**INSTRUCTIONS FOR THE TASK**
What is needed is an exact copy of the lines from the one containing "PSILOCYBIN Бугульма" through the last line of the records, with no pictures.

Captioned web images:
________
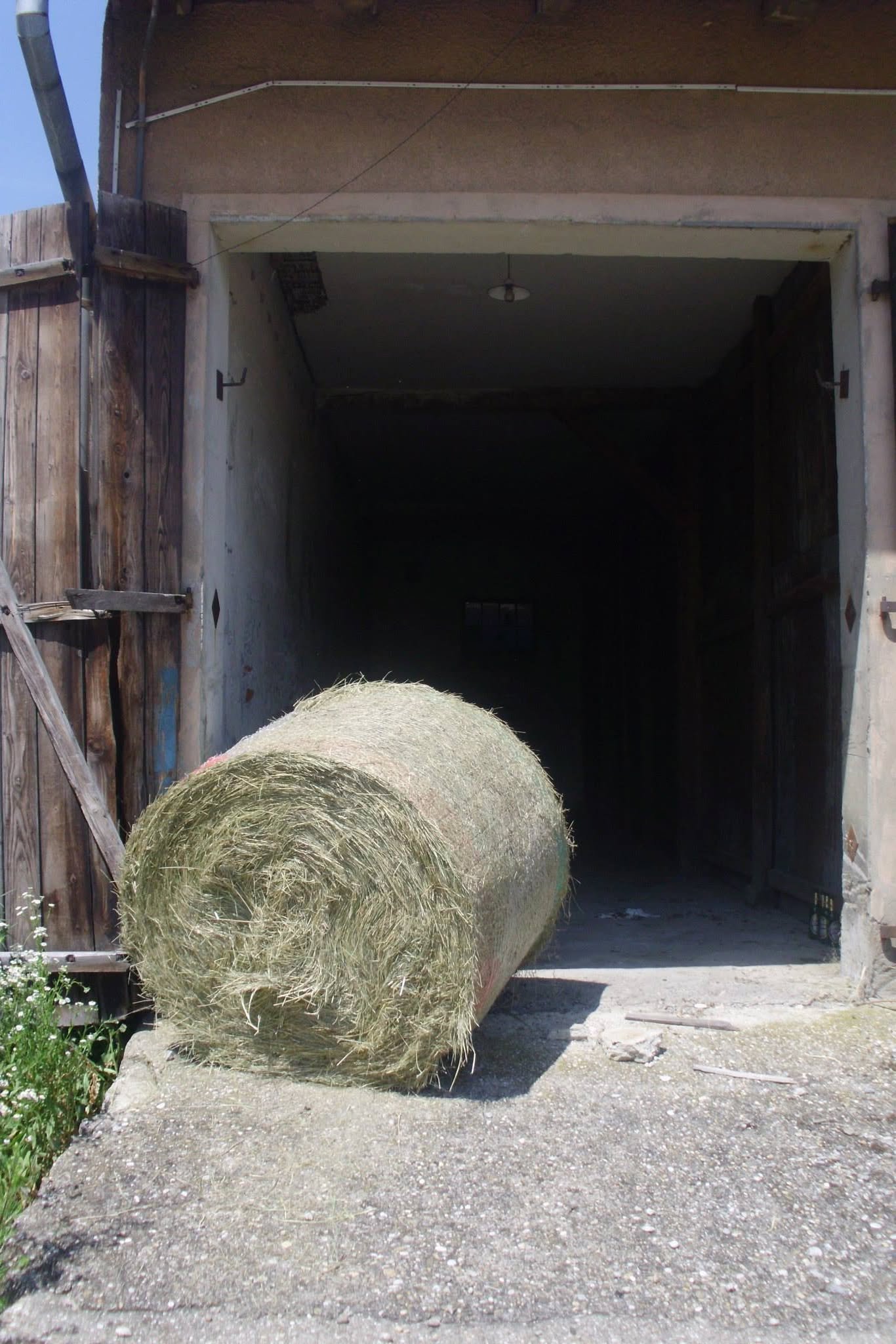 464329098_8821660641188887_5046330273256511407_n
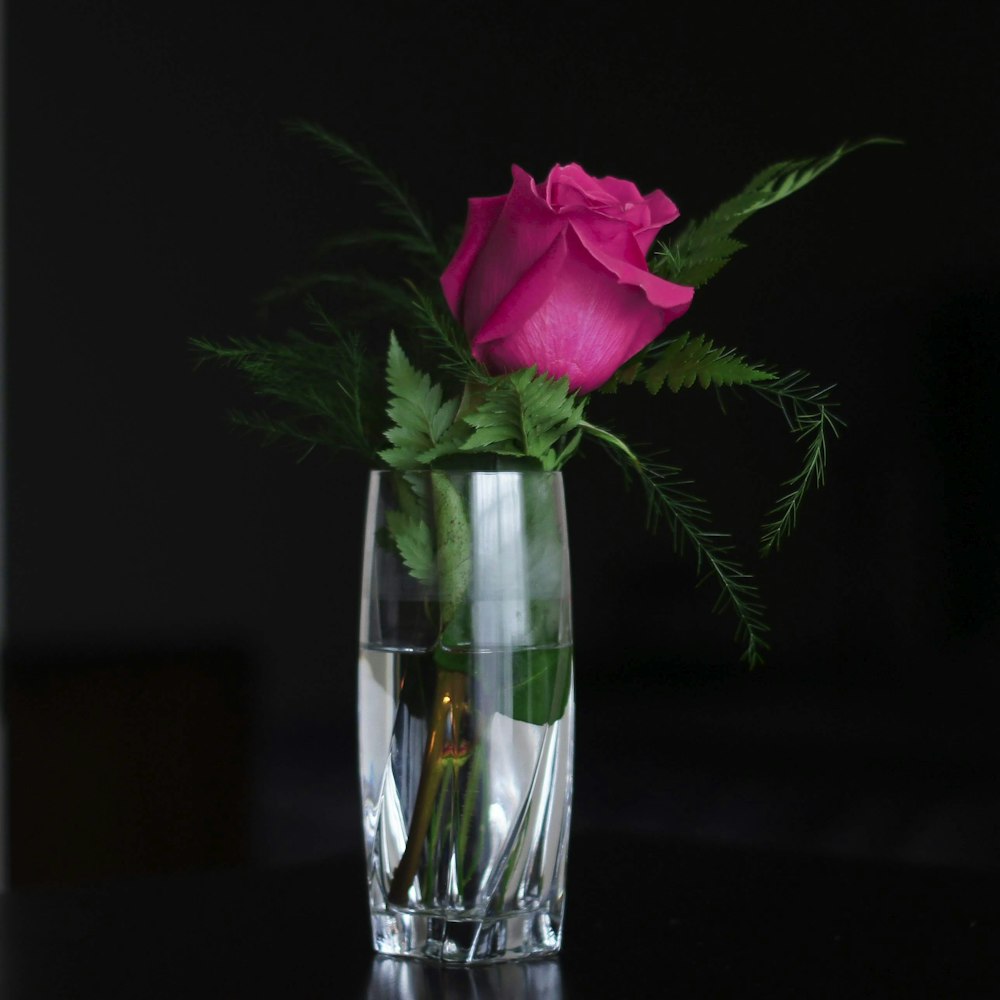 pink rose in clear glass vase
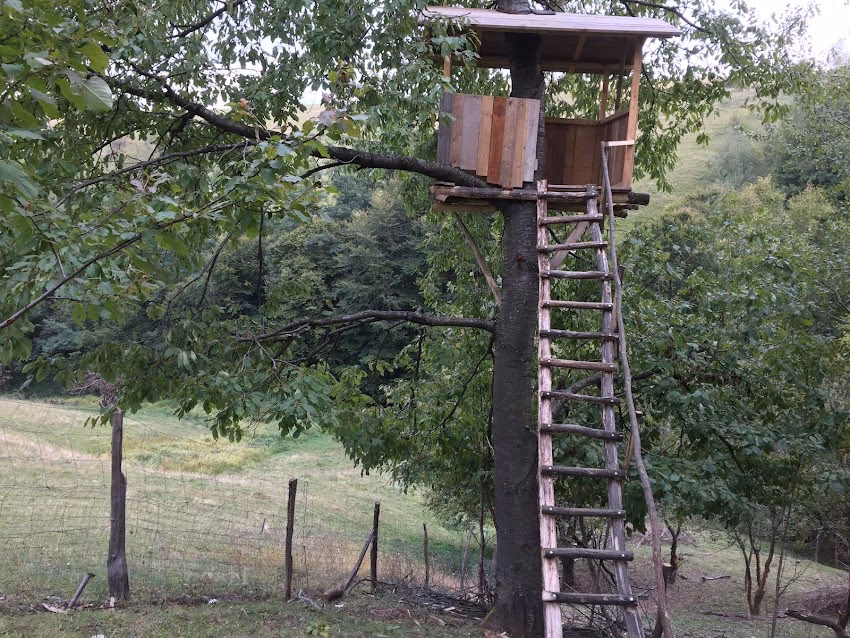 RoseHipHill Farm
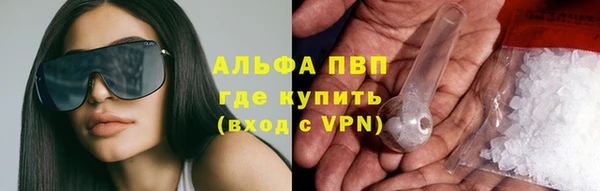 PSILOCYBIN Бугульма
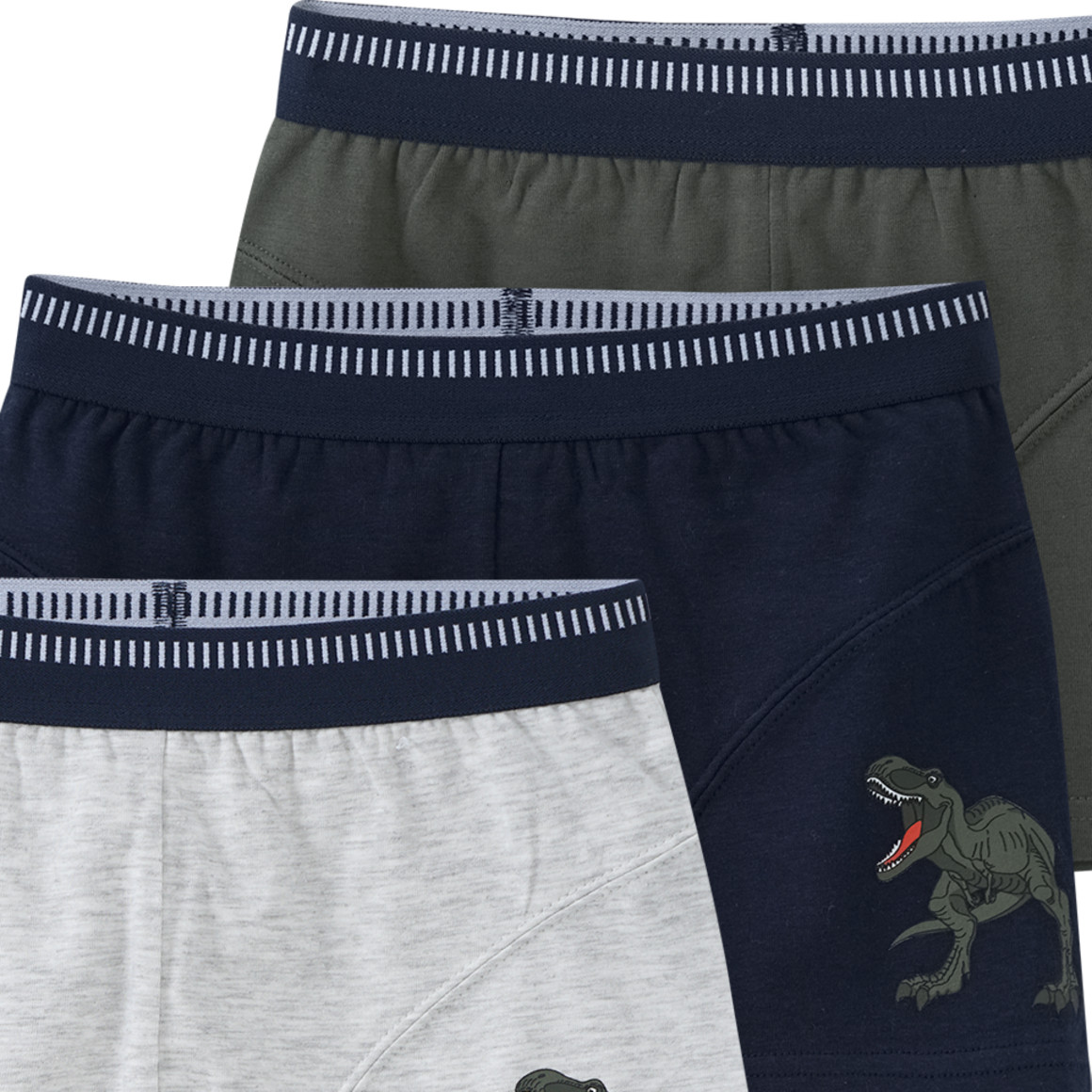 3 Jungen Boxer mit Dino-Motiven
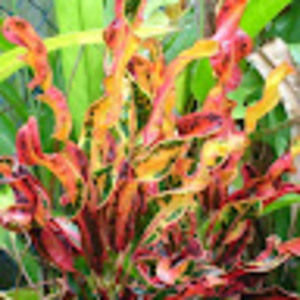 Meet your Posher, M. seven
________
**EXERCISE SOLUTION**
 PSILOCYBIN Бугульма
 3 Jungen Boxer mit Dino-Motiven
 Meet your Posher, M. seven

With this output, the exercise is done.